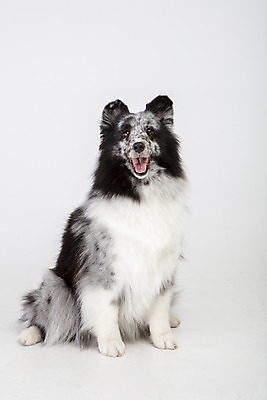 포토 JPG 스튜디오촬영 반려견 실내 앉기 사람없음 앞모습 반려동물 귀여움 강아지 흰배경 반려 셔틀랜드쉽독 국내포토 동물 뷰포인트 백그라운드 컨셉 모션 내부 흰색 개 파일형식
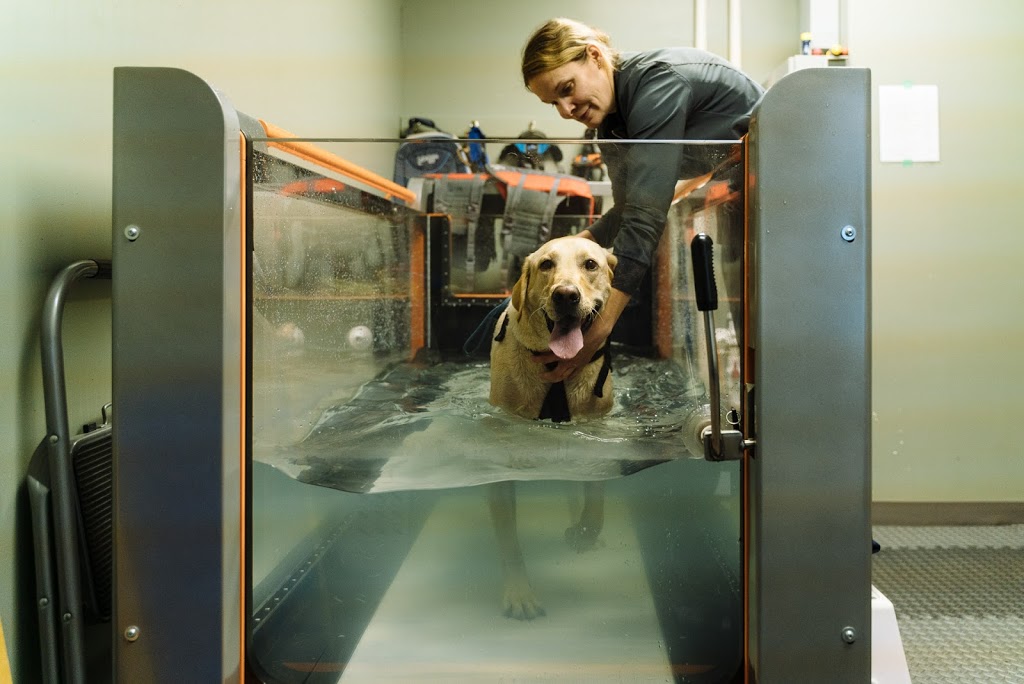 Boundary Bay Veterinary Specialty Hospital | 20434 64 Ave #202, Langley City, BC V2Y 1N4, Canada | Phone: (604) 514-8383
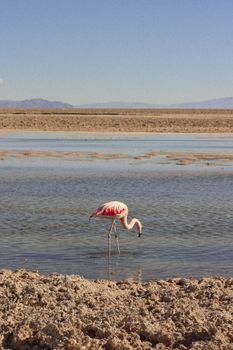 flamingo photo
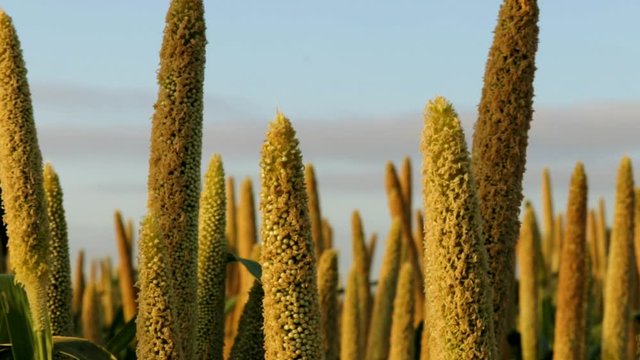 Pearl Millet Field in Gujarat India.the Crop is Know as Bajra or Bajri Agriculture,egyptian millet, feterita, Guinea corn,jowar,selective focus,bajra (Pearl millet) in the field,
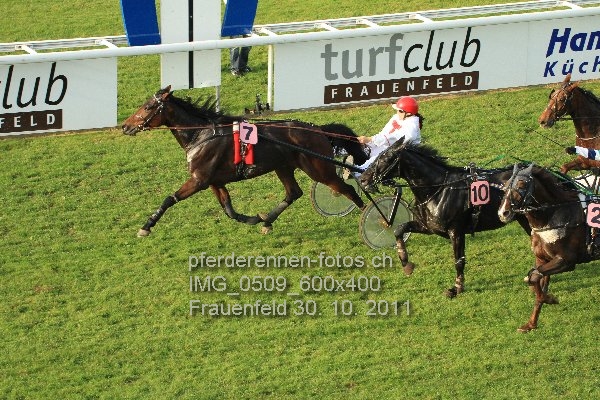 IMG 0509 600x400 prot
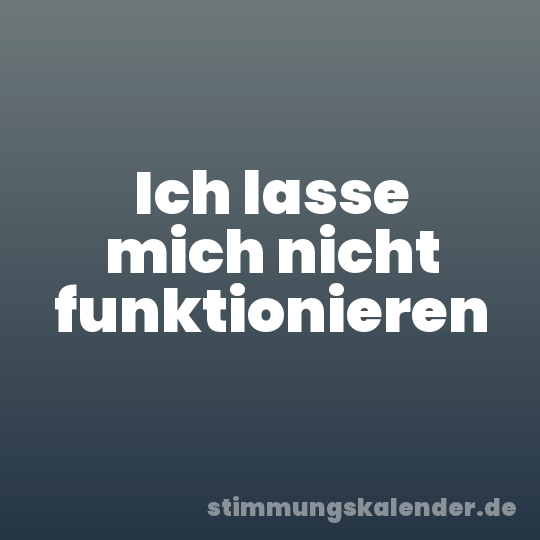 Ich lasse mich nicht funktionieren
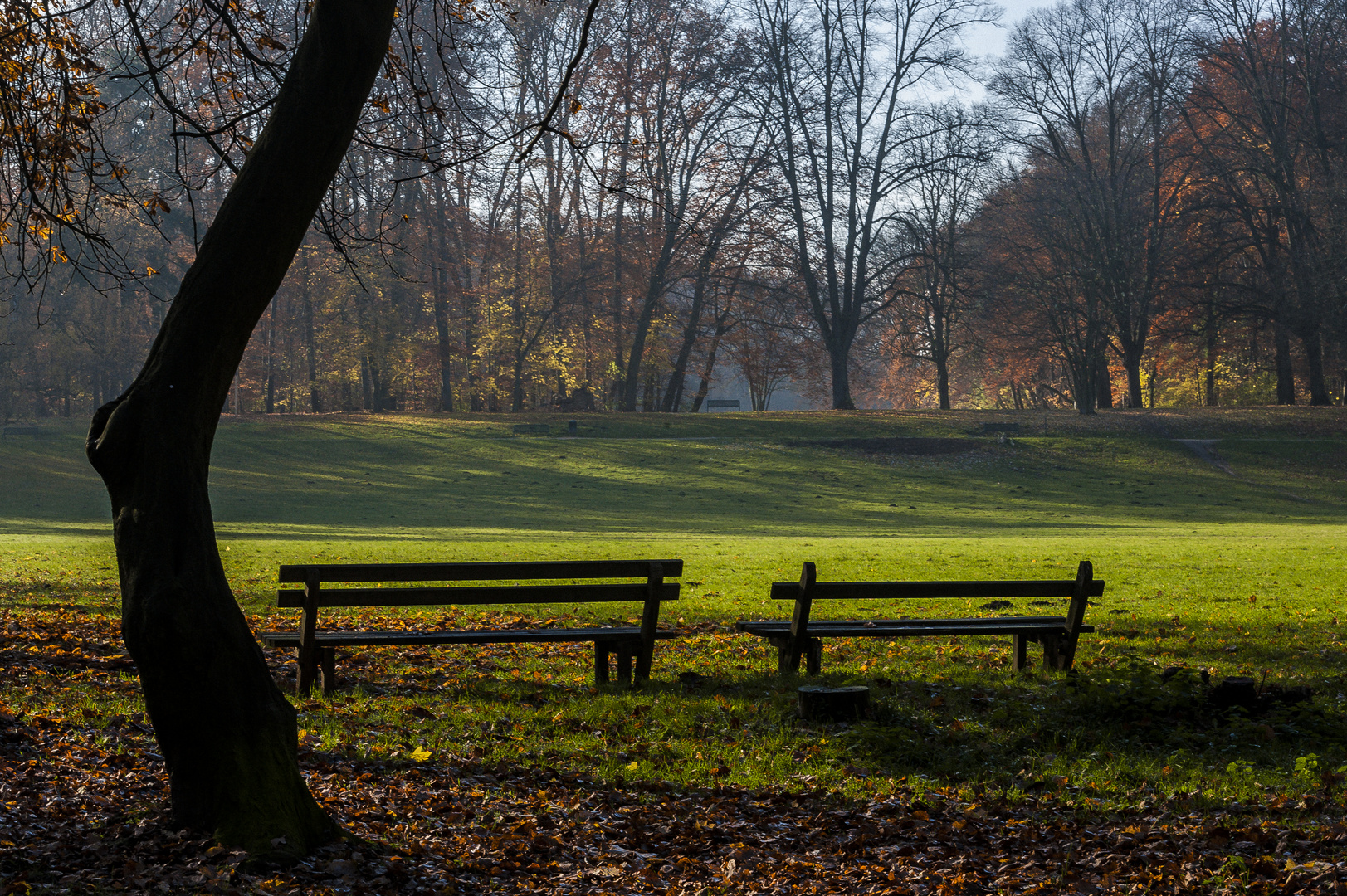 Parkbänke mit Aussicht…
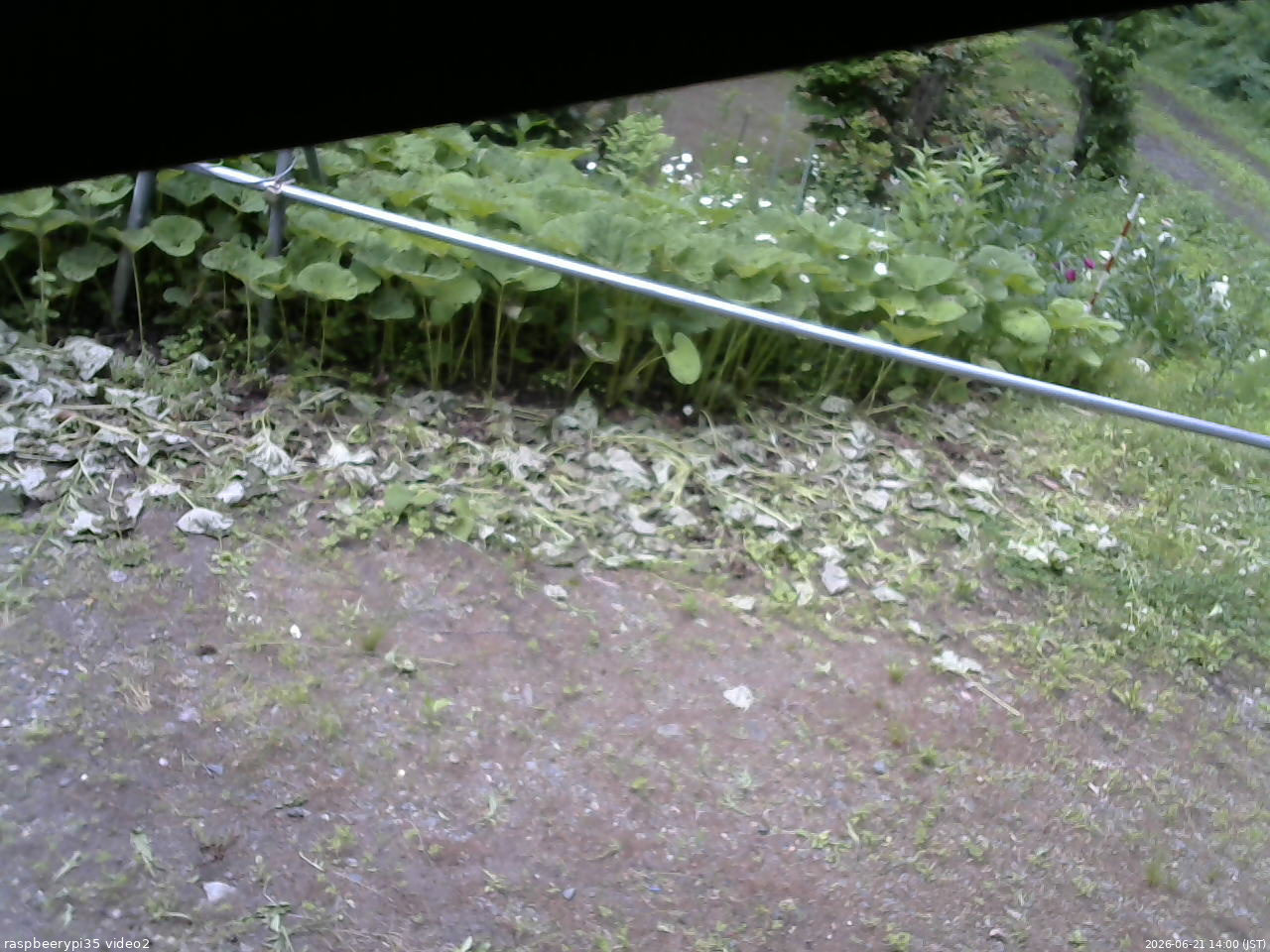 長野県菅平高原 ゆたか山荘 駐車場 2026/06/21 14:00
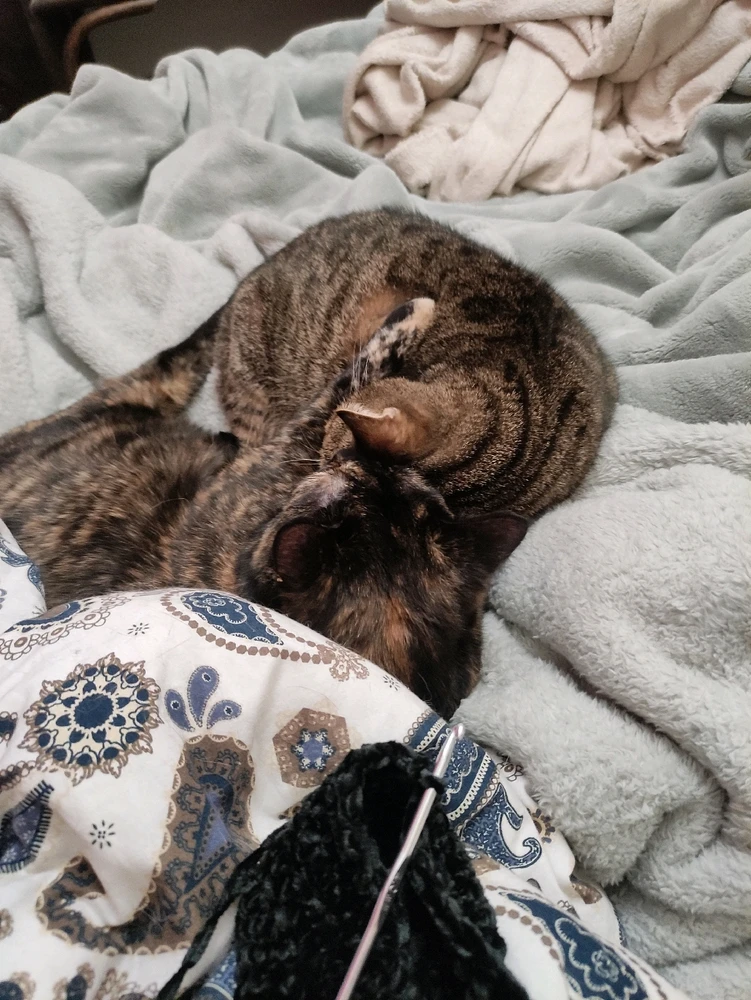 A peaceful evening...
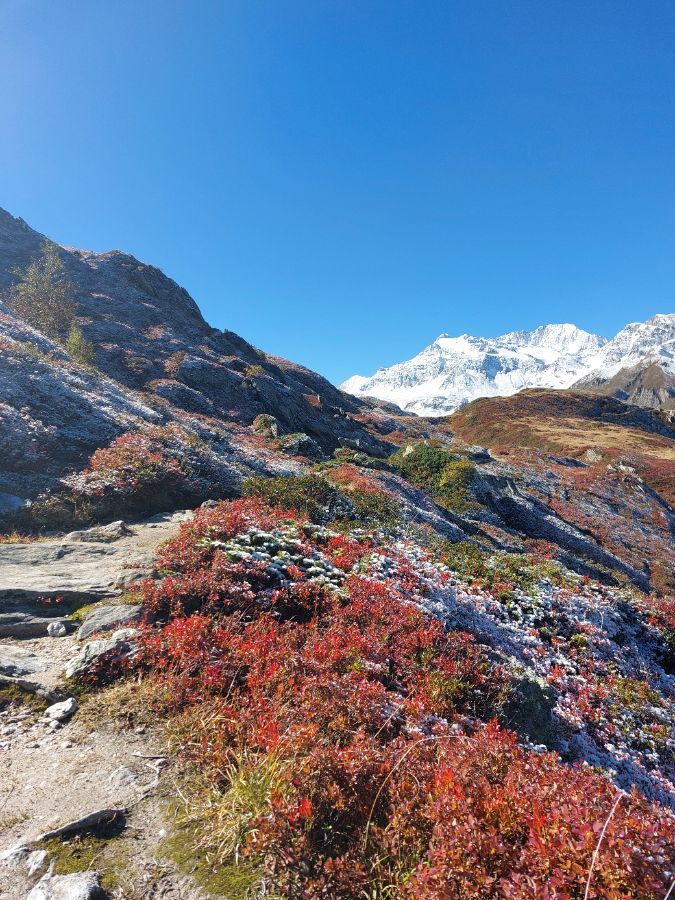 UN BALCON FACE AUX GLACIERS DE LA VANOISE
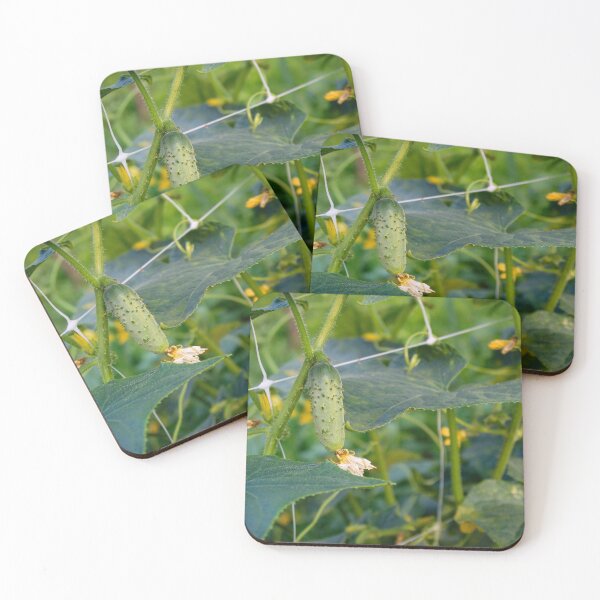 Item preview, Organic cultivation of small gherkins on the vine designed and sold by Mahirov Shop.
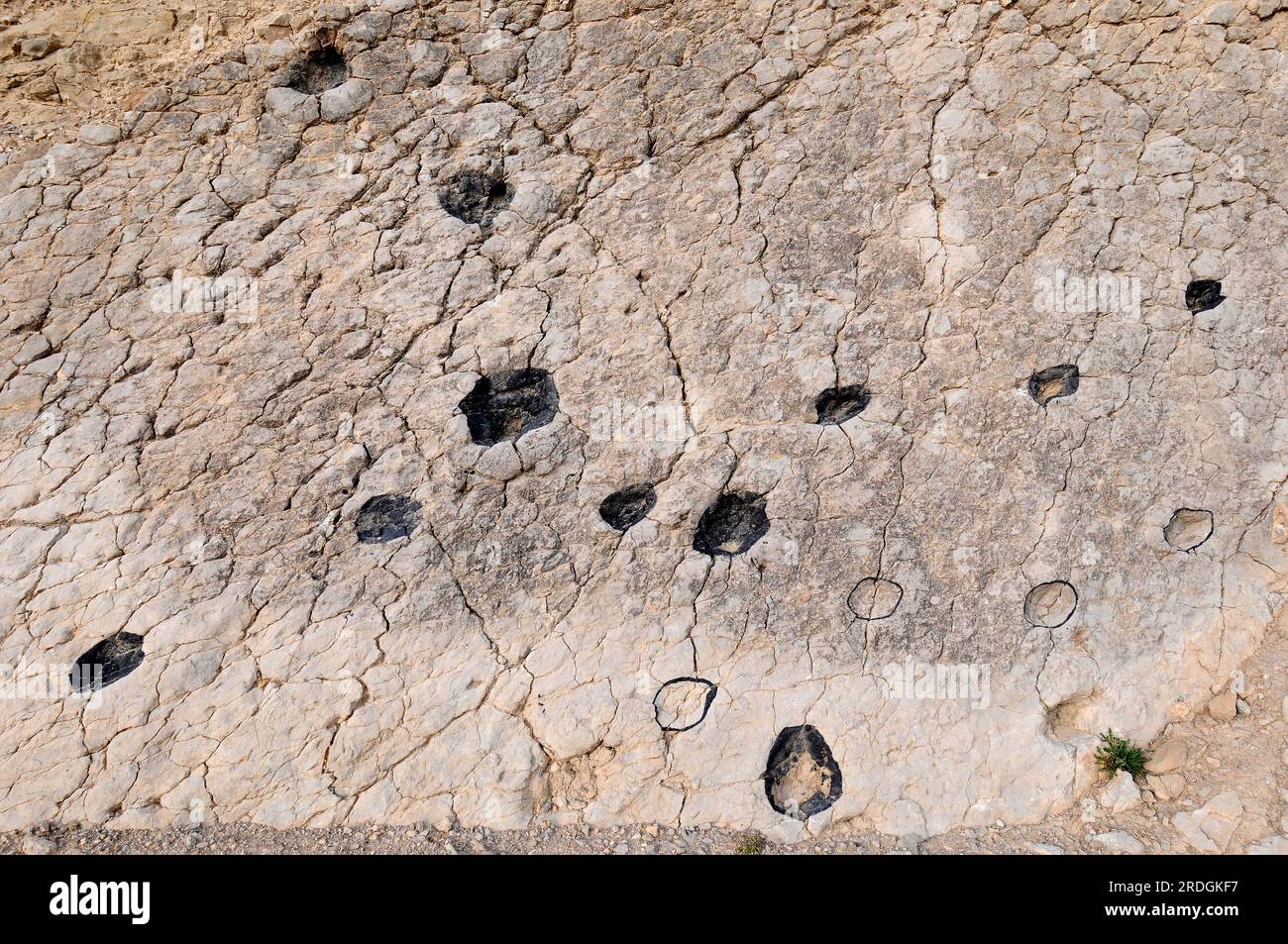 Icnofósiles o trazas de fósiles de huellas de mamíferos de artiodáctilos. Este Sitio Paleontológico (La Fondota) se encuentra en Abiego, Huesca, Aragón, España. Foto de stock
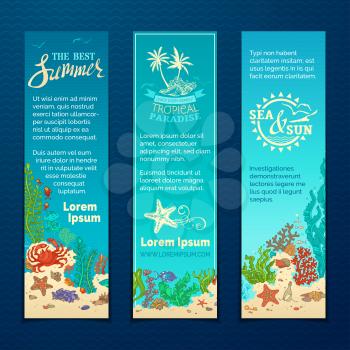 Various fish, starfish, crab, shell, jellyfish, algae, bottle with a letter and key on the bottom. There is place for your text on blue background.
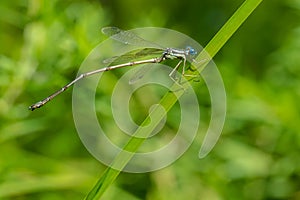 Slender Spreadwing Damselfly - Lestes rectangularis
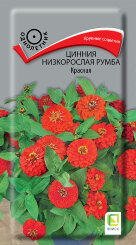 Цинния низкорослая Румба Красная Цинния низкорослая Румба Красная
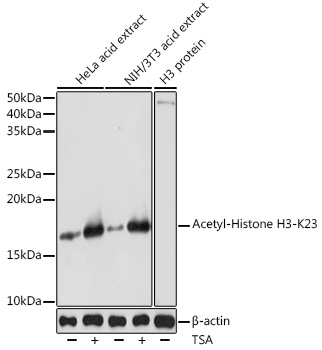 Acetyl-Histone H3-K23 Rabbit pAb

+ + + + +

--- What is expected ---
Copy the lines above between the one holding "Ich lasse mich nicht funktionieren" and the one holding "Icnofósiles o trazas", inclusive. Drop the pictures.

--- Result of the exercise ---
 Ich lasse mich nicht funktionieren
 Parkbänke mit Aussicht…
 長野県菅平高原 ゆたか山荘 駐車場 2026/06/21 14:00
 A peaceful evening...
 UN BALCON FACE AUX GLACIERS DE LA VANOISE
 Item preview, Organic cultivation of small gherkins on the vine designed and sold by Mahirov Shop.
 Icnofósiles o trazas de fósiles de huellas de mamíferos de artiodáctilos. Este Sitio Paleontológico (La Fondota) se encuentra en Abiego, Huesca, Aragón, España. Foto de stock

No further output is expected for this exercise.